La Charte des droits et libertés doit pouvoir être amendée facilement dès que le besoin s'en fait sentir dans le but de contrer les tentatives des diverses minorités qui en abusent en en détournant le sens premier à leur avantage.



Il importe que la Charte reflète les désirs de la majorité de la population, qu'elle respecte les choix qu'elle a faits pour donner un sens et une direction à sa société. N'est-ce pas sa raison d'être foncière?
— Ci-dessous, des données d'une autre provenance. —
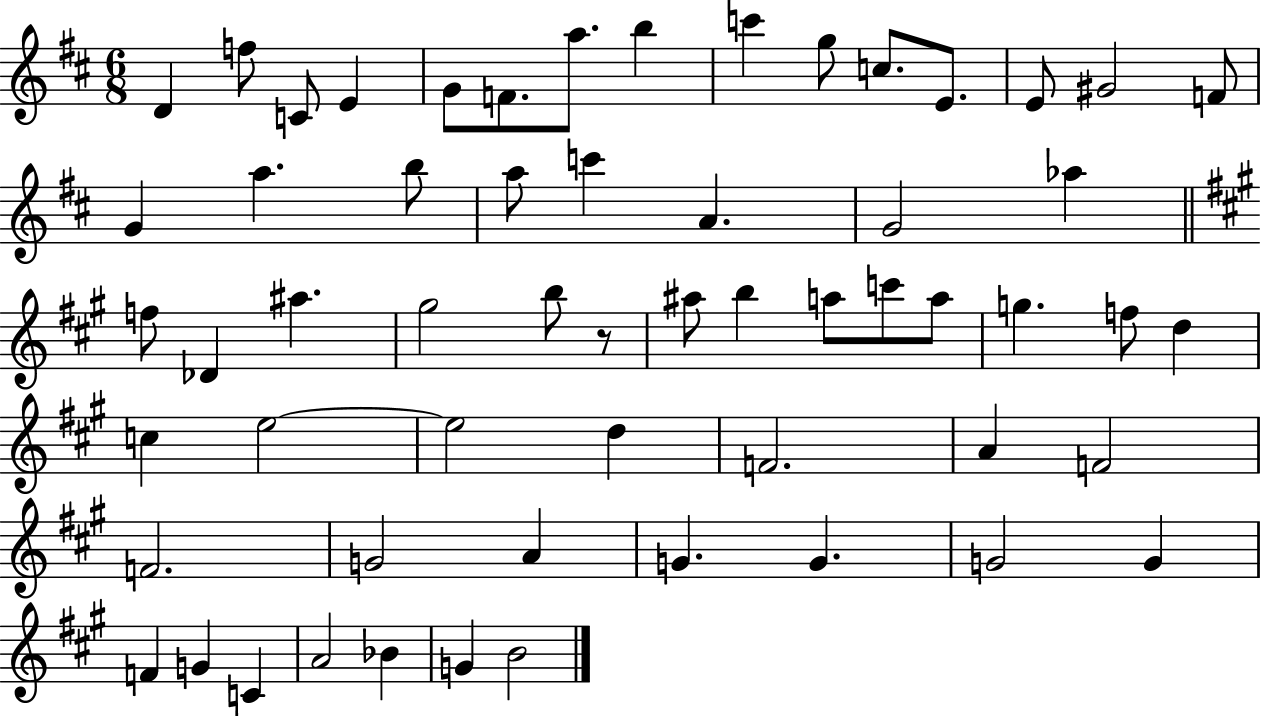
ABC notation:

X:1
T:Untitled
M:6/8
L:1/4
K:D
D f/2 C/2 E G/2 F/2 a/2 b c' g/2 c/2 E/2 E/2 ^G2 F/2 G a b/2 a/2 c' A G2 _a f/2 _D ^a ^g2 b/2 z/2 ^a/2 b a/2 c'/2 a/2 g f/2 d c e2 e2 d F2 A F2 F2 G2 A G G G2 G F G C A2 _B G B2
Ces choix répondent au grand principe de la démocratie: les gens peuvent déterminer eux-mêmes comment ils veulent vivre dans leur pays.


Ces choix doivent être respectés même s'ils déplaisent à certaines minorités revendicatrices qui cherchent à s'y soustraire pour quelque raison que ce soit.


Ce peuvent être des minorités ethniques, religieuses, raciales, qui toutes se doivent de respecter les orientations de la majorité qui décide d'un commun accord du mode de vie existant sur son territoire. Cela fait partie du contrat social que les minorités et immigrants s'engagent à accepter et mettre en pratique dès leur arrivée. Malgré une telle évidence, plusieurs d'entre elles ne semblent pas comprendre le sens de cet engagement auquel elles sont tenues et tentent de s'y soustraire.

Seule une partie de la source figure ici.